Le rapport de 124 pages, intitulé « Booted: Lack of Recourse for Wrongfully Discharged US Military Rape Survivors » (« Limogé(e)s : Absence de recours pour les militaires américains victimes de viol injustement renvoyés de l’armée »), a établi que de nombreuses victimes de viol souffrant de traumatisme ont fait l’objet de renvois injustes pour « trouble de la personnalité » ou d’autres problèmes de santé mentale qui les privent du droit aux allocations sociales. D’autres se sont vu signifier un renvoi « autre qu’honorable » pour mauvaise conduite en lien avec l’agression, se retrouvant exclus du système de soins de santé du Département des Anciens Combattants ainsi que d’un large éventail de programmes d’assistance éducative et financière. Un « mauvais dossier » - tout renvoi à la vie civile autre qu’ « honorable » - ou une étiquette de militaire présentant un « trouble de la personnalité » a de lourdes conséquences pour les anciens soldats et leurs familles dans le domaine de l’emploi, de la garde des enfants, des soins de santé, des indemnités d’invalidité, des droits d’inhumation – soit pratiquement dans tous les aspects de la vie.

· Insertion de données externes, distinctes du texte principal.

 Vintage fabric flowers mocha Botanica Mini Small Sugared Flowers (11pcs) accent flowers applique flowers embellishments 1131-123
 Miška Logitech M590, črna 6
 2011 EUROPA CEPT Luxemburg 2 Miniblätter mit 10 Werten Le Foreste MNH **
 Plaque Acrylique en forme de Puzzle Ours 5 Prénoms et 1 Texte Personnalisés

« Les militaires victimes de viol renvoyés à la vie civile avec une mauvaise mention sont pour l’essentiel stigmatisés à vie », a expliqué Sara Darehshori, experte senior auprès du programme États-Unis de Human Rights Watch et auteure du rapport. « Non seulement ils se trouvent dépossédés de leur carrière militaire, mais ils sont marqués par un statut qui risque de les empêcher d’obtenir un emploi ou des soins de santé, ou par ailleurs de poursuivre une vie normale après l’armée. »
Une corrélation a été établie entre les « mauvais dossiers » et les taux élevés de suicide, de sans-abrisme et d’emprisonnement chez les vétérans. Ceux qui ont été renvoyés à la vie civile pour « trouble de la personnalité » ou d’autres problèmes de santé mentale doivent vivre en plus avec l’étiquette stigmatisante de « malade mental ».

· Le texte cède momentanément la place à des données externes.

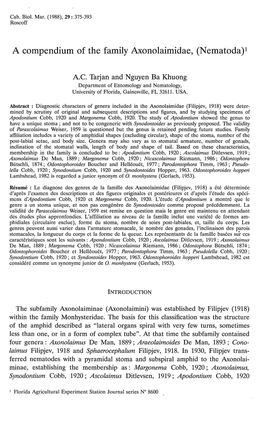 A Compendium of the Family Axonolaimidae, (Nematoda)L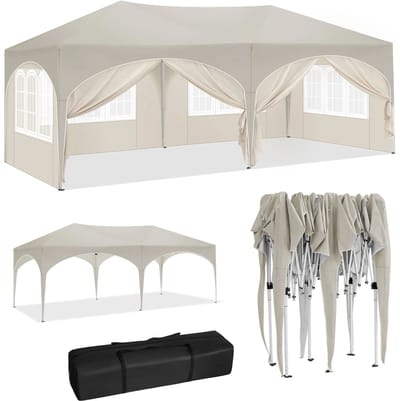 Miryx Opvouwbare Partytent - 3x6m - Tuinluifel met 6 Zijwanden - Verstelbare Hoogte Waterdichte - UV-bescherming - Feesttent - Met Tas - Beige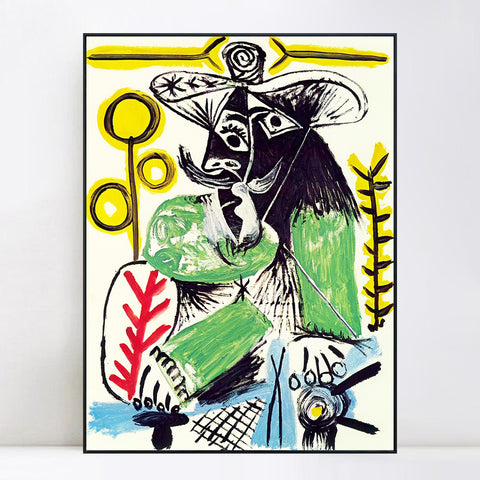 INVIN ART Framed Canvas Giclee Print Art 1969 Homme assis 4 by Pablo Picasso Wall Art Living Room Home Office Decorations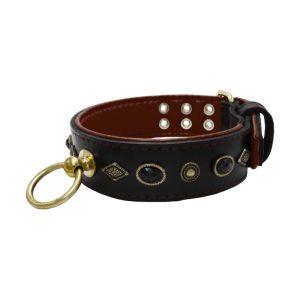 Motif with very impressive metal elements, oval black gemstone, and round carved stones, with carved diamonds and leather backing – KD01088/80/50/BK/08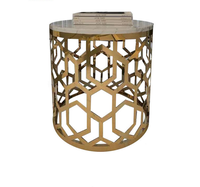 Table basse ronde moderne en marbre, table centrale en acier inoxydable en nid d'abeille, ensemble de tables d'appoint pour la maison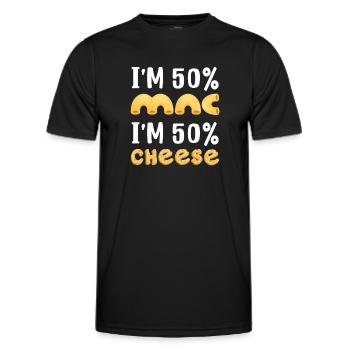 Ich bin 50% Mac und 50% Cheese - Männer Funktions-T-Shirt - Schwarz - Vorne - AI Model Male 178 dark (178cm)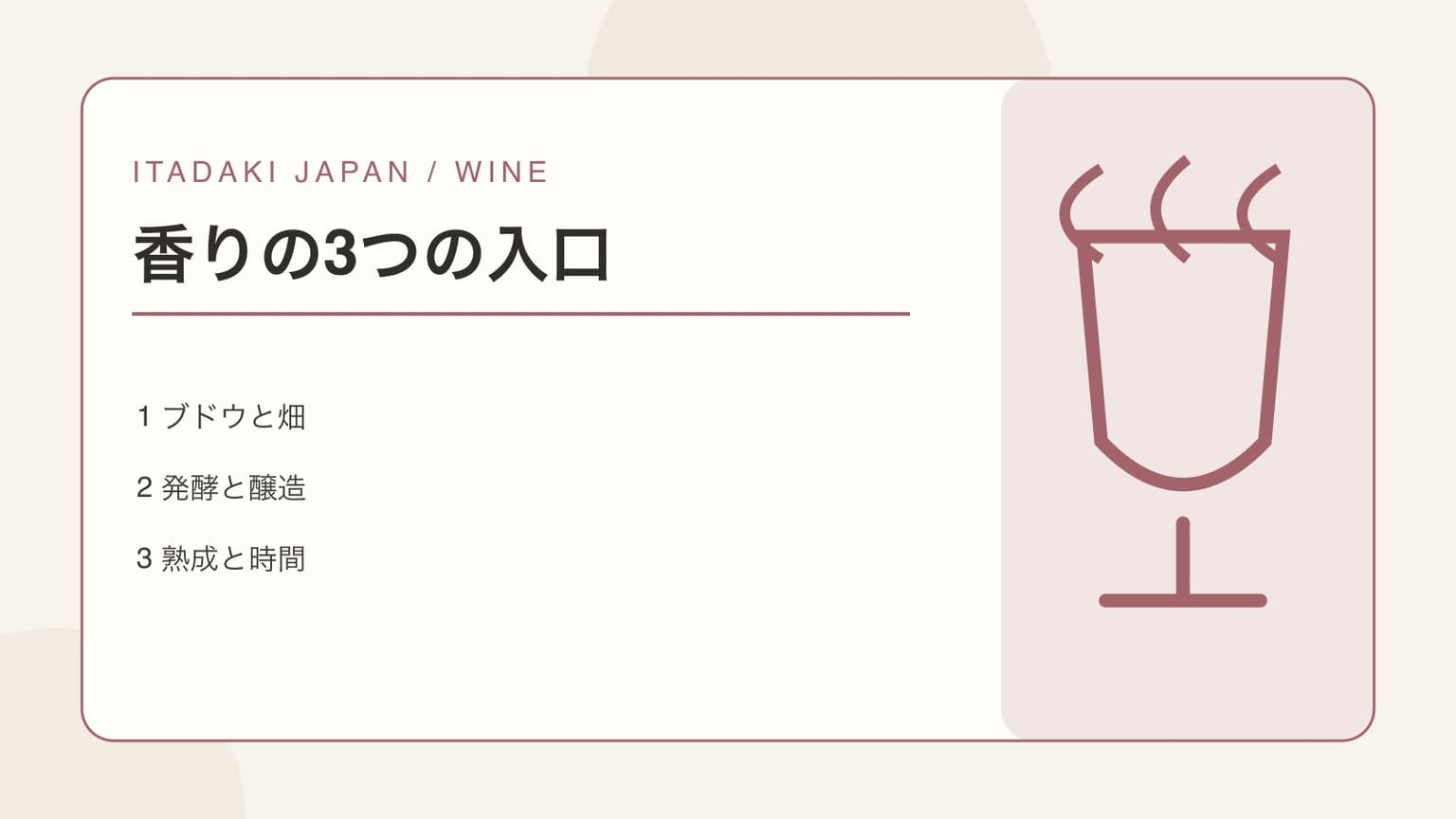 ブドウ、発酵、熟成の3方向からワインの香りを読む表紙イラスト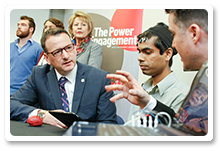 Photo: Left to right: The Honourable Greg Rickford, Minister of State (Science and Technology); Sujoy Hajra, research assistant at Simon Fraser University; and neuroscientist Dr. Ryan D'Arcy, professor at Simon Fraser University.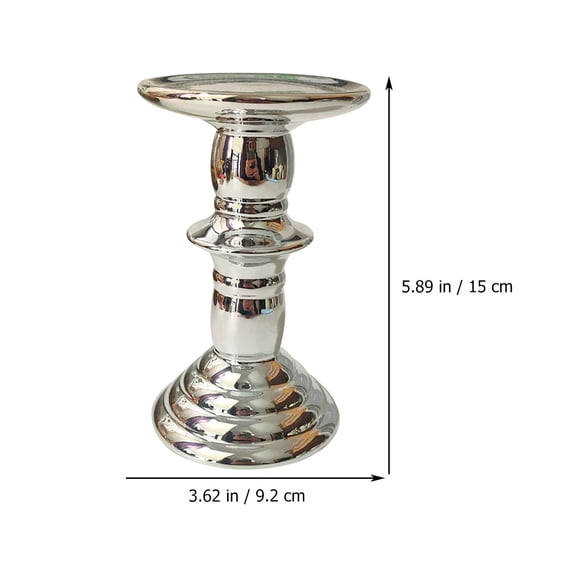 HOMEMAXS Plating Vintage Candlestick Modern Ceramic Centerpiece Holders Silver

En dépit des enjeux majeurs que cela représente pour eux, les vétérans ne peuvent pas faire grand-chose pour remédier à une démobilisation injuste, a noté Human Rights Watch. La législation américaine interdit aux militaires toute action en justice à l’encontre de l’armée pour tout préjudice subi en lien avec leur carrière militaire. Les Commissions de rectification des états de service (Boards for Correction of Military Records) et les Commissions de révision de démobilisation (Discharge Review Boards), organes administratifs responsables de rectifier les injustices commises à l’égard des militaires, sont submergés par des milliers de dossiers.

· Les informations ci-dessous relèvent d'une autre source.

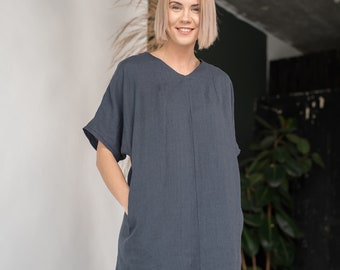 Linen tunic dress JULY / Relaxed fit tunic linen dress in dark grey color /  Maternity linen dress in midi length / Plus size dress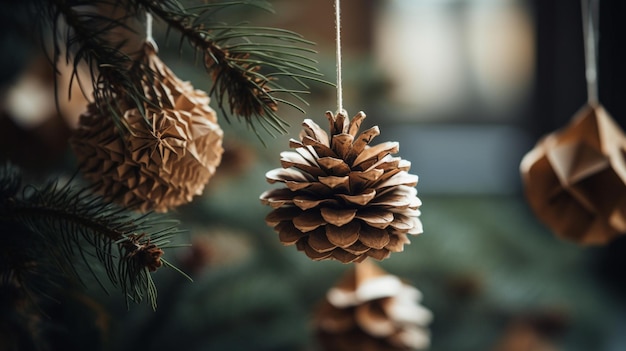 Een dennenappel die aan een kerstboom hangt
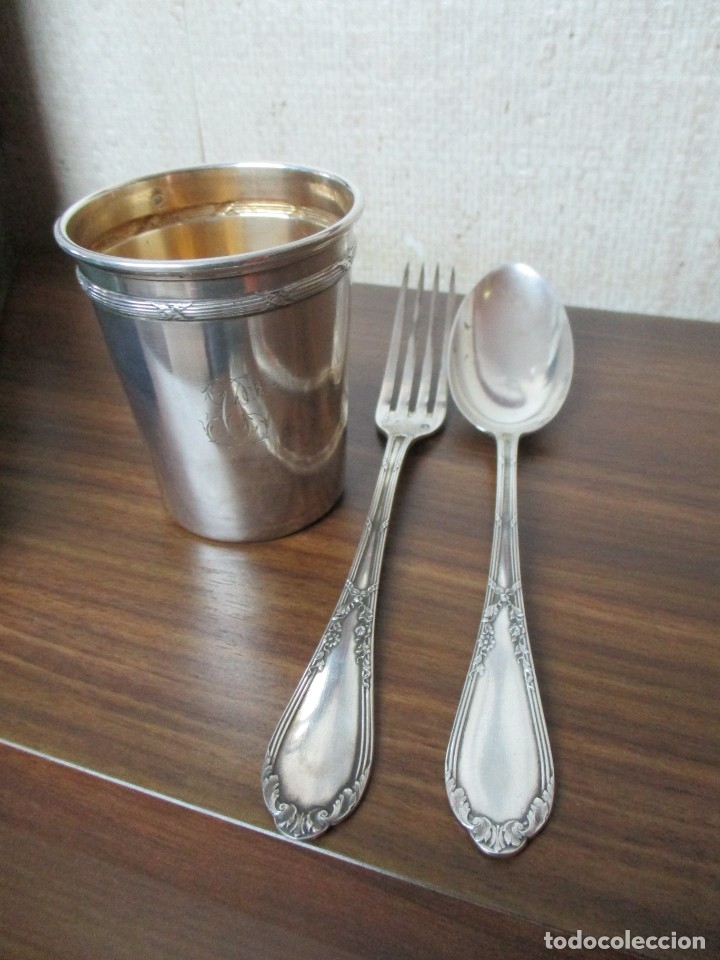 Joyeria: cubiertos y vaso plata de ley con estuche - Foto 2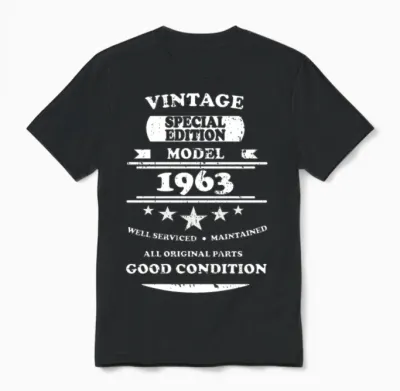 Vintage Retro White 1963 Unisex T-Shirt - Black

Human Rights Watch, avec l’aide de Protect Our Defenders, a effectué plus de 270 entretiens en personne ou téléphoniques, examiné des documents produits par les agences gouvernementales américaines en réponse à plusieurs demandes d’archives publiques, et analysé les données de dossiers faisant référence à des « troubles de la personnalité » ou des « troubles d’adaptation » dans la salle de lecture des Commissions de rectification. Les chercheurs se sont entretenus avec 163 victimes d’agressions sexuelles perpétrées depuis l’époque de la Guerre du Vietnam jusqu’à aujourd’hui.
« Lorsque je repense à cet incident, je m’en veux parfois d’avoir parlé ouvertement et dénoncé ce qui était arrivé », a confié une victime de viol. « Je n’arrive même pas à trouver les mots pour exprimer à quel point toute cette épreuve a affecté ma vie. »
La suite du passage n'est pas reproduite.